More restaurants in the US are labeling menu dishes as healthy, according to new Mintel research. The move follows last month’s recommendations from the Dietary Guidelines Advisory Committee (DGAC).

Mintel found that between Q2 2009 and Q2 2010 menu items labeled as ‘healthy’ grew by 65%.

The DGAC recommendations also include specific instructions for children’s menus, urging restaurants to include a focus on kids, as “prevention of obesity in childhood is the single most powerful public health approach to combating America’s obesity epidemic”.
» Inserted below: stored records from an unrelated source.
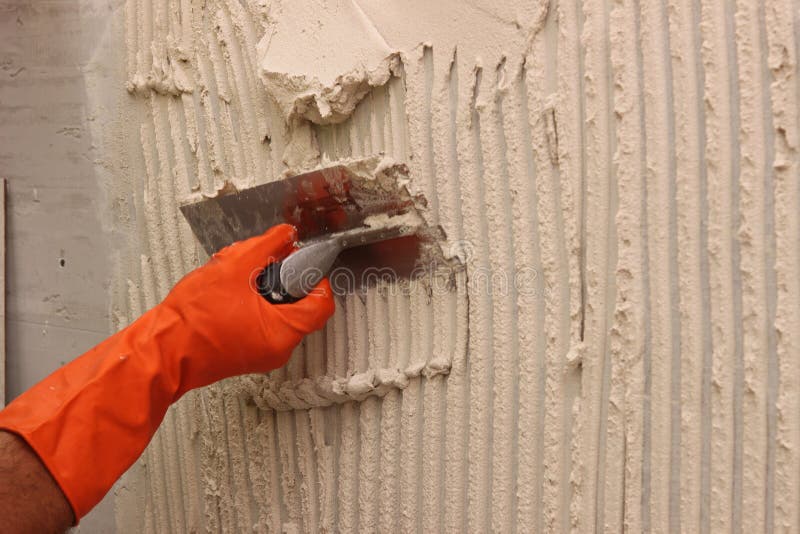 Worker applying white thinset mortar royalty free stock photography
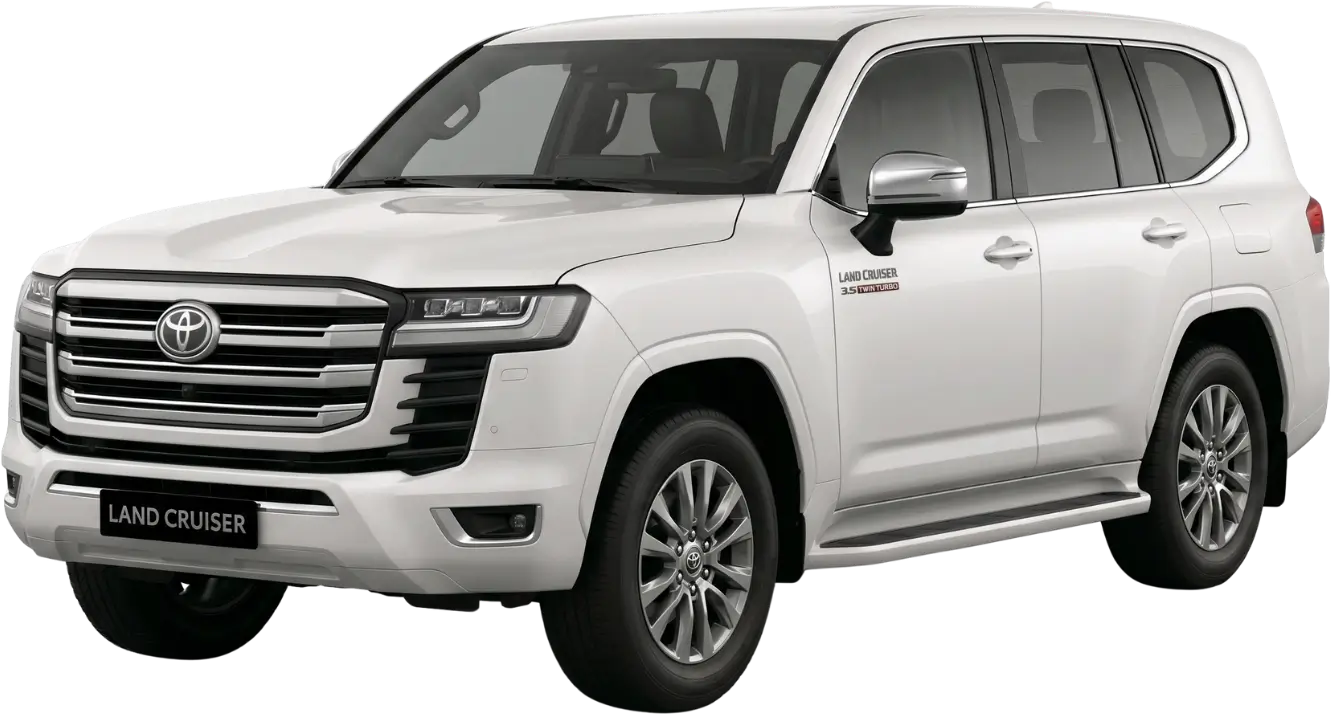 White Toyota Land Cruiser SUV viewed from the front right side with chrome grille and alloy wheels.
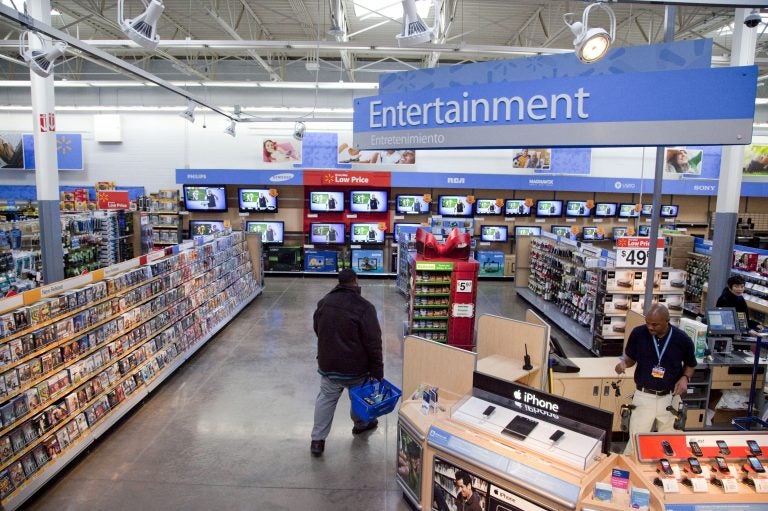 Walmart has instructed employees to remove marketing material that displays violent imagery and to unplug or turn off video game consoles that show violent games. (AP Photo)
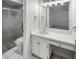 Bathroom featuring vanity with sink and storage, framed mirror, toilet, and glass shower at 120 Mayfair Ct # 120, Sanford, FL 32771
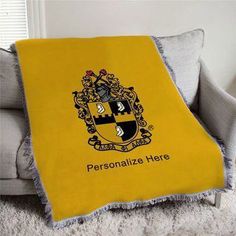 a personalized throw blanket on top of a couch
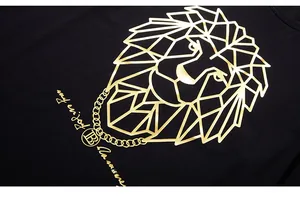 Close-up of golden geometric lion print with B-logo on black cotton t-shirt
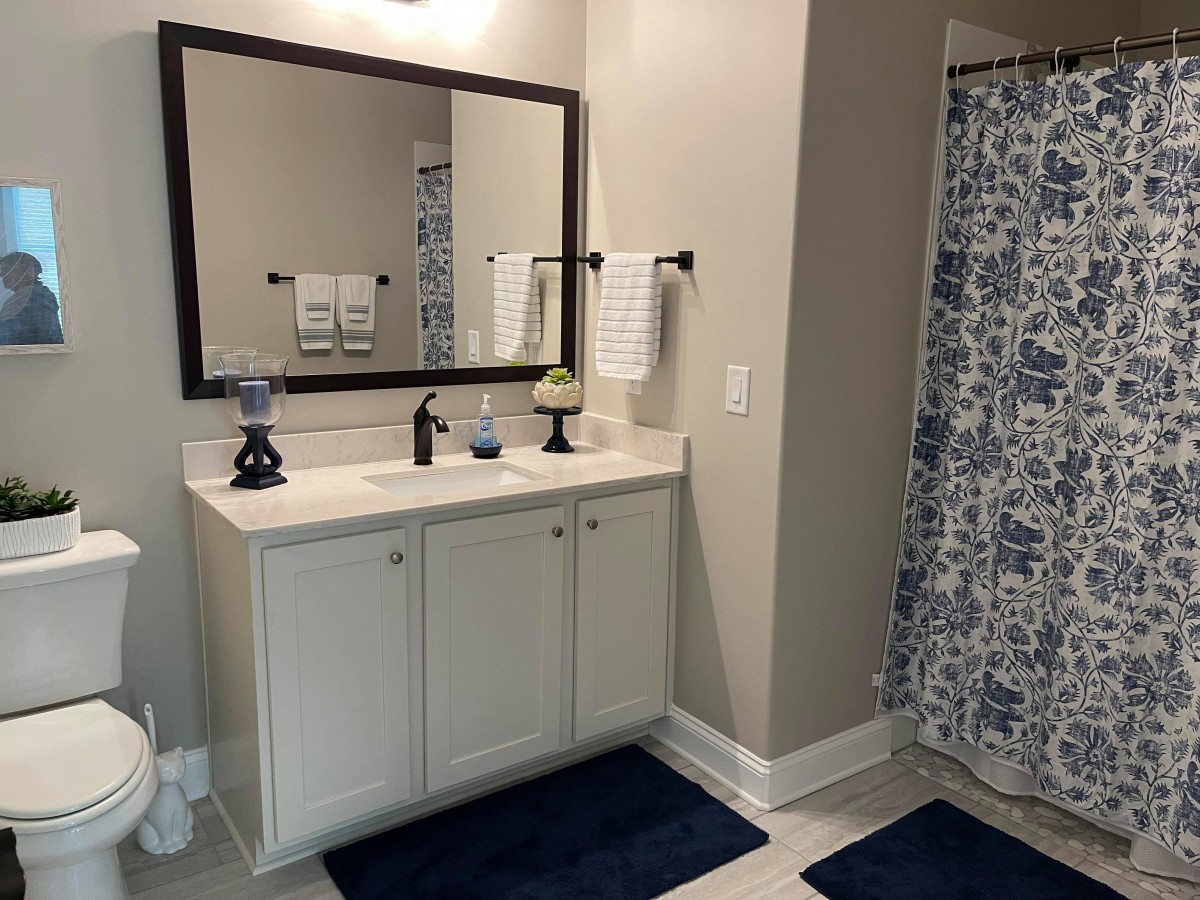 A modern bathroom featuring a mirror above a vanity with a sink, flanked by towels and a patterned shower curtain.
Mintel reports there has been a 10% increase in menu items that contain fruits or vegetables between Q2 2007 and Q2 2010. It is a start, say researchers, but restaurants still have a way to go.

“Restaurants should start considering how they’re going to make kids’ menus healthier,” said Eric Giandelone, director of foodservice research at Mintel. “It’s important to get feedback from both parents and kids to provide a healthy balance on the menu that kids will want to eat and of which parents will approve.”

Adults need their fruits and veggies just as much as children do and, according to the DGAC, menus should provide it. Mintel research found among restaurant-goers who say they’re eating more healthfully when dining out, more than half are doing so by including more fruits and vegetables. There has also been a 12% increase in menu items labeled as vegetarian between Q2 2007 and Q2 2010.

“A healthy menu development opportunity exists in providing vegetable and seafood-based appetisers, soups, salads and entrees,” added Giandelone. “An added bonus in offering these ingredients is, if prepared thoughtfully, they will naturally cut down on the fat and calories of a menu item, making it a more favorable choice for their patrons.”